Planning Dynamically Feasible Trajectories for Quadrotors Using Safe Flight Corridors in 3-D Complex Environments

• Published in: IEEE robotics and automation letters Vol. 2; no. 3; pp. 1688 - 1695
• Main Authors: Liu, Sikang, Watterson, Michael, Mohta, Kartik, Sun, Ke, Bhattacharya, Subhrajit, Taylor, Camillo J., Kumar, Vijay
• Format: Journal Article
• Language: English
• Published: IEEE 01.07.2017
• Subjects: Aerial robotics; autonomous vehicle navigation; Collision avoidance; Ellipsoids; motion and path planning; Navigation; Planning; Real-time systems; Robots; Trajectory
• ISSN: 2377-3766; 2377-3766
• DOI: 10.1109/LRA.2017.2663526

There is extensive literature on using convex optimization to derive piece-wise polynomial trajectories for controlling differential flat systems with applications to three-dimensional flight for Micro Aerial Vehicles. In this work, we propose a method to formulate trajectory generation as a quadratic program (QP) using the concept of a Safe Flight Corridor (SFC).
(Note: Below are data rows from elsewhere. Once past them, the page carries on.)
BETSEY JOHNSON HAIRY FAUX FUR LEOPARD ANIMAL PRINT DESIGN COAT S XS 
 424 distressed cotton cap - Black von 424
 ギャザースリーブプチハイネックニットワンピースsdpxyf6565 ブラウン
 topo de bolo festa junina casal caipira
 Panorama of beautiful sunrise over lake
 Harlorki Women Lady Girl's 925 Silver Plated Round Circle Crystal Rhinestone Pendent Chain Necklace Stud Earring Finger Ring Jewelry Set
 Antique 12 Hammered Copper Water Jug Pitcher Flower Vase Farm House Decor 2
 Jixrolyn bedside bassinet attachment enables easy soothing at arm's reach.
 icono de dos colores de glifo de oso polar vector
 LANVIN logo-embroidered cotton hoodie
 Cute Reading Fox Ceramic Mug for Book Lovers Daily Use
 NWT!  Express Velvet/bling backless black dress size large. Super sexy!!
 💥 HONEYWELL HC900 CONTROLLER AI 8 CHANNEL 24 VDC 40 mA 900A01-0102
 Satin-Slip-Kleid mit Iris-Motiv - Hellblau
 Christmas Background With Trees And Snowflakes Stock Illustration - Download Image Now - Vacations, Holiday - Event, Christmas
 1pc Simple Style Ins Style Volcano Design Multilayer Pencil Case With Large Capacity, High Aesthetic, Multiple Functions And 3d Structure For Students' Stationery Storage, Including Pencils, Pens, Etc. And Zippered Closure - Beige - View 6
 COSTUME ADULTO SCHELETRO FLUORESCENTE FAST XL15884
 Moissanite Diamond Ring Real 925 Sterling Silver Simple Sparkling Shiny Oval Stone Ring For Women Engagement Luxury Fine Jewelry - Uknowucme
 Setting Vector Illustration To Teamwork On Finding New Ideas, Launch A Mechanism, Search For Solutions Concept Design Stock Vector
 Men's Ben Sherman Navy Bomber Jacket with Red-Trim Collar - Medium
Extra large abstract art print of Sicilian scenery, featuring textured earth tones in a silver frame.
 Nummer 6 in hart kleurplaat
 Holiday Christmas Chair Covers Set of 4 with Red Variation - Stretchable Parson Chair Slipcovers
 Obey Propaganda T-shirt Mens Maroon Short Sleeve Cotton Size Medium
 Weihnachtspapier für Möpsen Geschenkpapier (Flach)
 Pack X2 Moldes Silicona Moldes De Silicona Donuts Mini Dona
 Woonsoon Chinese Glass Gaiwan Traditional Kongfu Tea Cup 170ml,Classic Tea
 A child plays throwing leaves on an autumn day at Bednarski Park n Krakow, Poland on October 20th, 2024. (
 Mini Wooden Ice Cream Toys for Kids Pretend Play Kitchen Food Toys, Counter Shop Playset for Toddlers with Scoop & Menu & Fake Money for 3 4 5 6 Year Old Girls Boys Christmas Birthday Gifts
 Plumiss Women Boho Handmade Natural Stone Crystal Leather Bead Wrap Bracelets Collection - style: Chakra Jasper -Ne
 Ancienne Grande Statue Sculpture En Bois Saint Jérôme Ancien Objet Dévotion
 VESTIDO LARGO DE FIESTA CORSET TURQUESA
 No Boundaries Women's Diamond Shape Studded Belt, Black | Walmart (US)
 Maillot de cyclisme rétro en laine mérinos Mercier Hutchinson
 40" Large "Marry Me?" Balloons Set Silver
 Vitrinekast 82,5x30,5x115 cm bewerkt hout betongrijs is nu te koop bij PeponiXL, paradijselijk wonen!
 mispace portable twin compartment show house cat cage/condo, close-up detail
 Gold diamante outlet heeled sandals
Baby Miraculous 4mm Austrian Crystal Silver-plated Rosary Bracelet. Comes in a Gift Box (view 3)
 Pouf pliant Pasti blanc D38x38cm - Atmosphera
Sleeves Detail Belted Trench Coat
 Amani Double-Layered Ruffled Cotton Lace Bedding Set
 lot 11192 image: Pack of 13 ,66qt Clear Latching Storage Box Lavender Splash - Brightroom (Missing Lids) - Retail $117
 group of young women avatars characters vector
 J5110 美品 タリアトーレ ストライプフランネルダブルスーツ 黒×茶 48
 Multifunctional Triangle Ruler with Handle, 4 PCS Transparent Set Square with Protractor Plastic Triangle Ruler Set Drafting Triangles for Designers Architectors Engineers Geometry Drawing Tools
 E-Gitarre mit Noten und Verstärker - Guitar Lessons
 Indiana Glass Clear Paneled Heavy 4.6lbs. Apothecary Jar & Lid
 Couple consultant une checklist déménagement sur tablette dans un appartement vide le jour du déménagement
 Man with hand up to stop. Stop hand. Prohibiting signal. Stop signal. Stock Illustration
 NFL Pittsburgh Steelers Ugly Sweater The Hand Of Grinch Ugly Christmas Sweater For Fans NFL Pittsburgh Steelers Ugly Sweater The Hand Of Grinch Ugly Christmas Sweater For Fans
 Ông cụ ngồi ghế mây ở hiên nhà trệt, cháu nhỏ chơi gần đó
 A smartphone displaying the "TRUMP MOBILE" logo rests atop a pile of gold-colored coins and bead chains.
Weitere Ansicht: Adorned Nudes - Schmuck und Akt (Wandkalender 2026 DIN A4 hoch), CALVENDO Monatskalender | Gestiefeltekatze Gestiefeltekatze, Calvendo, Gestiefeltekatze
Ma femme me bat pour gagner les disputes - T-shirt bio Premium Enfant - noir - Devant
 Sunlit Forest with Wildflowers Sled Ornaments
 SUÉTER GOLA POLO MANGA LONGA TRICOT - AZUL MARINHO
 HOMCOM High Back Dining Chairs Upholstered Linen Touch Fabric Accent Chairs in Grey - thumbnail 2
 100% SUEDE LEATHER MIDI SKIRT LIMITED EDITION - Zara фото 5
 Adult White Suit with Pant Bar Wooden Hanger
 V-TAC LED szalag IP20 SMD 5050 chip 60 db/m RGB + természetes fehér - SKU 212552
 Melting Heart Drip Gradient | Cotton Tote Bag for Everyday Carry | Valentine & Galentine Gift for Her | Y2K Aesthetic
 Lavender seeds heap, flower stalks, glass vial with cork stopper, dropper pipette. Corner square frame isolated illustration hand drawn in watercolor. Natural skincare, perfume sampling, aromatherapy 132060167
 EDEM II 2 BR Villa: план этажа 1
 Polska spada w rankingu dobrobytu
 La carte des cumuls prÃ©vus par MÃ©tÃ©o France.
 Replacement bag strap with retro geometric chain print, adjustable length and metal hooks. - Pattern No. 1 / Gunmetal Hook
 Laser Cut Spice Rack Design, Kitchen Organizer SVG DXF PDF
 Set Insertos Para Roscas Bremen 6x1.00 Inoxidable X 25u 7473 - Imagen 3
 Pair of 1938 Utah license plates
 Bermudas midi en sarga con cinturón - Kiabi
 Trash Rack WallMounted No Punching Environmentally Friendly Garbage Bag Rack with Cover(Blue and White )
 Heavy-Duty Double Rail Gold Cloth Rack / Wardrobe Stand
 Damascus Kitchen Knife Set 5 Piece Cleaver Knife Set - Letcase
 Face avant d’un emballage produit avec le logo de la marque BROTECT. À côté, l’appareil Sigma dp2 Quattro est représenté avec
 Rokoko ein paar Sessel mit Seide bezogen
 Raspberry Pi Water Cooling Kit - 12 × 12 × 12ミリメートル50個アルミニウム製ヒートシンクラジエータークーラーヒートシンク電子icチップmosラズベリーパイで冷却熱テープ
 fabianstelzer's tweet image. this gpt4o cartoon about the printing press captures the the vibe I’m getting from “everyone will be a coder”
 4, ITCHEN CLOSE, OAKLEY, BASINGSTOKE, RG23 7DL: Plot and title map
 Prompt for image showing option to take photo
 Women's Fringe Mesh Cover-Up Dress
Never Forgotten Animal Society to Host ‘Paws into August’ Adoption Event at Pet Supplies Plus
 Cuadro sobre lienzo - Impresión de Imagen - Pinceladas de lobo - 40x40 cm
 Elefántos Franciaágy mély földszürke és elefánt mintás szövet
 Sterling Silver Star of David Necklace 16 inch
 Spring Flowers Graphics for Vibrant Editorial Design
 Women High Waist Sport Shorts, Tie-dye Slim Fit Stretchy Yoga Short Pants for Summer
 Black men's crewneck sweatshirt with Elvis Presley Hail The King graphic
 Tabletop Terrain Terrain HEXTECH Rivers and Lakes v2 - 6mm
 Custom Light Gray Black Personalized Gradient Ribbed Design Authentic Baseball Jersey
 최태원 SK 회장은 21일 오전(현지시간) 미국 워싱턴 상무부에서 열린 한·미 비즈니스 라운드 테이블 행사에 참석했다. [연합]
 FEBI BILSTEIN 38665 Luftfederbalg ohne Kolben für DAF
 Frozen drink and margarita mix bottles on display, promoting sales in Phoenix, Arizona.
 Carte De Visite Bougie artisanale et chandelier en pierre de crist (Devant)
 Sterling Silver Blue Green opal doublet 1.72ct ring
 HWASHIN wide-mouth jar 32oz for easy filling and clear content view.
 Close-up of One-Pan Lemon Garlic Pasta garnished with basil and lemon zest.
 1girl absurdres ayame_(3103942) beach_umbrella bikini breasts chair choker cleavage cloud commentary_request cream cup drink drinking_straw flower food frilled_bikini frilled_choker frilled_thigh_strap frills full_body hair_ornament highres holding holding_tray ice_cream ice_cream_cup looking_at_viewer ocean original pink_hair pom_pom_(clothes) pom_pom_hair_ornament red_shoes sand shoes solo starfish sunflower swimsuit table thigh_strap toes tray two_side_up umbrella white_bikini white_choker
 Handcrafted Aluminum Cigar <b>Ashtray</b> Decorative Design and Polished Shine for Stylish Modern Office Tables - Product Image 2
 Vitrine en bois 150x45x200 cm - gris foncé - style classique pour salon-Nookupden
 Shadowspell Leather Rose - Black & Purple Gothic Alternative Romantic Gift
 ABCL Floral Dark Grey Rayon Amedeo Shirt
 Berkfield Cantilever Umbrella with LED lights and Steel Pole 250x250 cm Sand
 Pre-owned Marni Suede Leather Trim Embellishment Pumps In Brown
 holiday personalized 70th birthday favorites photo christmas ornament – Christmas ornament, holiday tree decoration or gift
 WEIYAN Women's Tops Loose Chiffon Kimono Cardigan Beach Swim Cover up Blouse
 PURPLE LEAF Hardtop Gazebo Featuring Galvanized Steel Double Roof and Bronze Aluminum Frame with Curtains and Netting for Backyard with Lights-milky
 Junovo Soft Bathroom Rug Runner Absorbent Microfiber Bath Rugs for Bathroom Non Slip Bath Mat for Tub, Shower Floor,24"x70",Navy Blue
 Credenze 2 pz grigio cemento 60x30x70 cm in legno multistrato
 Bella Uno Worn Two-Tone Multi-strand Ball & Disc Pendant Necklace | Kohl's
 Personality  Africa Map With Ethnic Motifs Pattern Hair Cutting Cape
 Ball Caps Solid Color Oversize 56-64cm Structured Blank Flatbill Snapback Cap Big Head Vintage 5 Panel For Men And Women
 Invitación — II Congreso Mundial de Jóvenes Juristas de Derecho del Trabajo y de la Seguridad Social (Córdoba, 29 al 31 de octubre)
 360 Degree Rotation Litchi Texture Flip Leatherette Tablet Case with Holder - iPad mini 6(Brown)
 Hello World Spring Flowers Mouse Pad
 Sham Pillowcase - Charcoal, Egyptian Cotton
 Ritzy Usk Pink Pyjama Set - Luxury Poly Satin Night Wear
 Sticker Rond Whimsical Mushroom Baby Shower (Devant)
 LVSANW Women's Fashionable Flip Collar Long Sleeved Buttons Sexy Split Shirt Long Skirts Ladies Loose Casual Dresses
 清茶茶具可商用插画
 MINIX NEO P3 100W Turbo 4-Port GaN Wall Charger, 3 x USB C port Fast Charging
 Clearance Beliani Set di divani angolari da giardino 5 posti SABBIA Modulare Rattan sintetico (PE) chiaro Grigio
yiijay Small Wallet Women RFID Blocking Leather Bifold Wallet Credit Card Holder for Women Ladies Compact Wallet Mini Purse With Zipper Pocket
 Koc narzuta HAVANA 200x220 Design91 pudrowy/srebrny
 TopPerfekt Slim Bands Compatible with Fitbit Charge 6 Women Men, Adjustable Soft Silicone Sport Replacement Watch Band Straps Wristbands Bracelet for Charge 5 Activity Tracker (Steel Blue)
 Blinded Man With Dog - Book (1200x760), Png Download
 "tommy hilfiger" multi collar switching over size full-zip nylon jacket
The SFC is a collection of convex overlapping polyhedra that models free space and provides a connected path from the robot to the goal position. We derive an efficient convex decomposition method that builds the SFC from a piece-wise linear skeleton obtained using a fast graph search technique. The SFC provides a set of linear inequality constraints in the QP allowing real-time motion planning. Because the range and field of view of the robot's sensors are limited, we develop a framework of Receding Horizon Planning , which plans trajectories within a finite footprint in the local map, continuously updating the trajectory through a re-planning process. The re-planning process takes between 50 to 300 ms for a large and cluttered map. We show the feasibility of our approach, its completeness and performance, with applications to high-speed flight in both simulated and physical experiments using quadrotors.